Should be called after each traversal per rank.

This routine rolls over _newEvents into the _committedEvents if they are still alive. That is, _newEvents holds all the events including an "expiry date", while _committedEvents holds only those which are committed for this mesh traversal.

We clear the committed events and then copy the new events over one by one unless they have expired. If they have expired, we delete them within _newEvents. In this context, we also reduce the maxLifetime, but this one is solely used for reporting purposes. It is not used. The global maximum lifetime is stored within _maxLifetime. This one is monotonously growing, while the locally reduced value here might decrease over time if no new events are added.

Once we have committed all non-expiring events, we exchange them via MPI. For this, we first wait for all previous non-blocking communication to terminate (freeAllPendingSendRequests()), I create a copy of the committed events and then delegate the data exchange to triggerSendOfCopyOfCommittedEvents().
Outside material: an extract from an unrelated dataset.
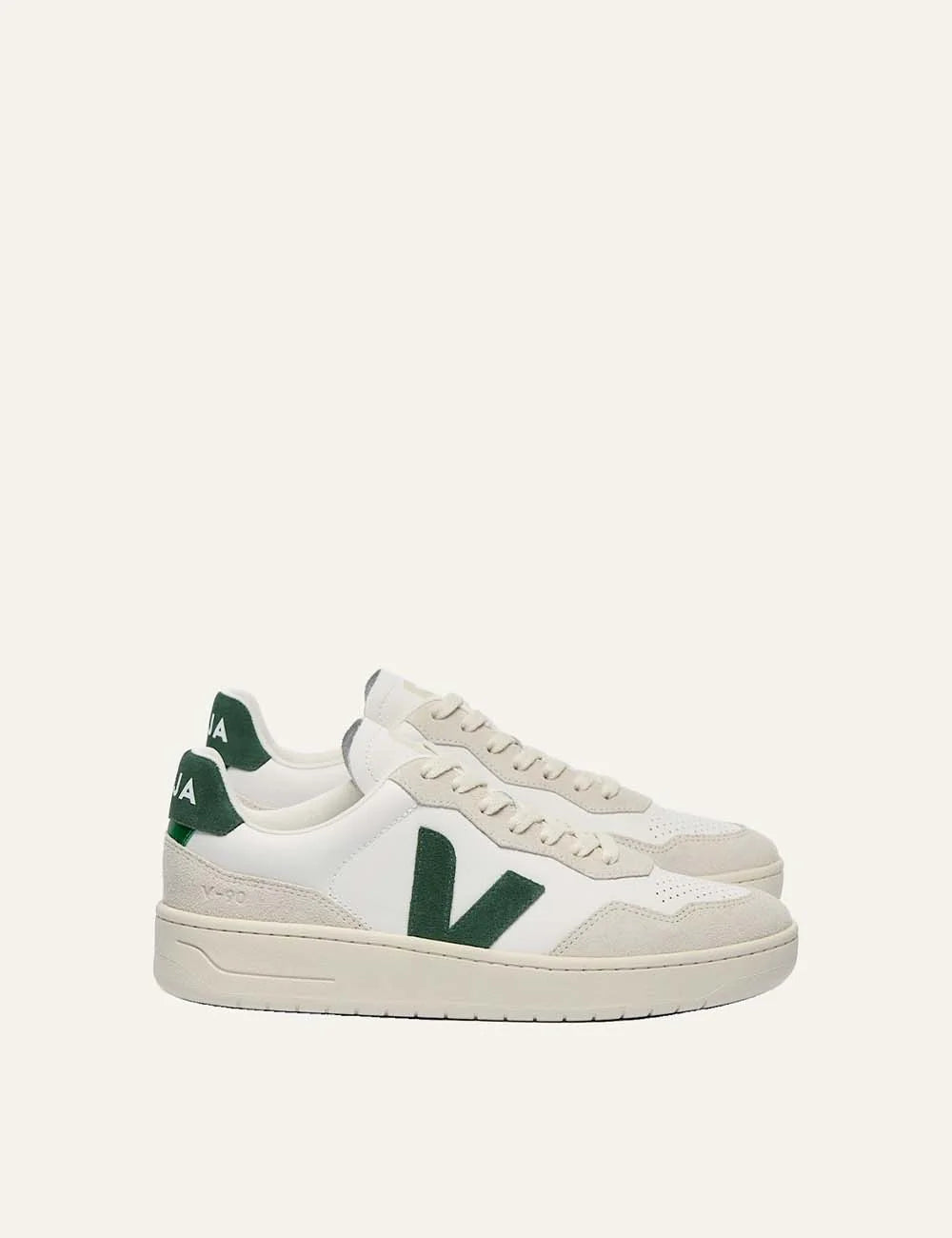 VEJA women's V-90 white leather sneakers with ecru suede panels, green V logo and cream rubber sole.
Finally, we append the remote events to our set of committed events. This has to happen after the actual MPI exchange, so we can be sure that remote events are not immediately sent back again.

I found it to be very important to merge the committed events immediately: Peano's spacetrees will merge, too, but if we work with 100 trees per node, each and every one will merge locally. This is time we better spend on something else.

Definition at line 92 of file RefinementControlService.cpp.

References logInfo, and peano4::grid::merge().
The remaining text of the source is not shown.